**Directions for this task:** Below are records; transcribe only the line with "描绘北京中轴线全景图，《中国文化名片：北京中轴线非遗之旅》新书发布" and those after it, through the last line, without any change.

====== Entries supplied ======

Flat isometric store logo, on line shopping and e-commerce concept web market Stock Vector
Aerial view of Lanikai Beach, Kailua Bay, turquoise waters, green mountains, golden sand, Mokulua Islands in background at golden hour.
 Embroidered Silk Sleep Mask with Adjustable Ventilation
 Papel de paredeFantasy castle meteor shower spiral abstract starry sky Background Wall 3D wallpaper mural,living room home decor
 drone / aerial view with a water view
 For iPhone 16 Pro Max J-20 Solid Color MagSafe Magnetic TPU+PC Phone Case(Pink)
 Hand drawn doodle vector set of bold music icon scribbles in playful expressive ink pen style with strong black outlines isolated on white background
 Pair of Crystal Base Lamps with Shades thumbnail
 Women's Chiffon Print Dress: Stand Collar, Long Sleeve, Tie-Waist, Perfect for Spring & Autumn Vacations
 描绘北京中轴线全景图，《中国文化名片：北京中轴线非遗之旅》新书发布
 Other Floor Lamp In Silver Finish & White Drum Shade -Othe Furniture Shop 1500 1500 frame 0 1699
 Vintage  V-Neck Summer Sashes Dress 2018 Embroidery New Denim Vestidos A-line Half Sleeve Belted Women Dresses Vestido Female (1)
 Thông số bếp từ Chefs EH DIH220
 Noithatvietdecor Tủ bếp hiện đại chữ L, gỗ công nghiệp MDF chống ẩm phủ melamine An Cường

======

**Your solution:**
 描绘北京中轴线全景图，《中国文化名片：北京中轴线非遗之旅》新书发布
 Other Floor Lamp In Silver Finish & White Drum Shade -Othe Furniture Shop 1500 1500 frame 0 1699
 Vintage  V-Neck Summer Sashes Dress 2018 Embroidery New Denim Vestidos A-line Half Sleeve Belted Women Dresses Vestido Female (1)
 Thông số bếp từ Chefs EH DIH220
 Noithatvietdecor Tủ bếp hiện đại chữ L, gỗ công nghiệp MDF chống ẩm phủ melamine An Cường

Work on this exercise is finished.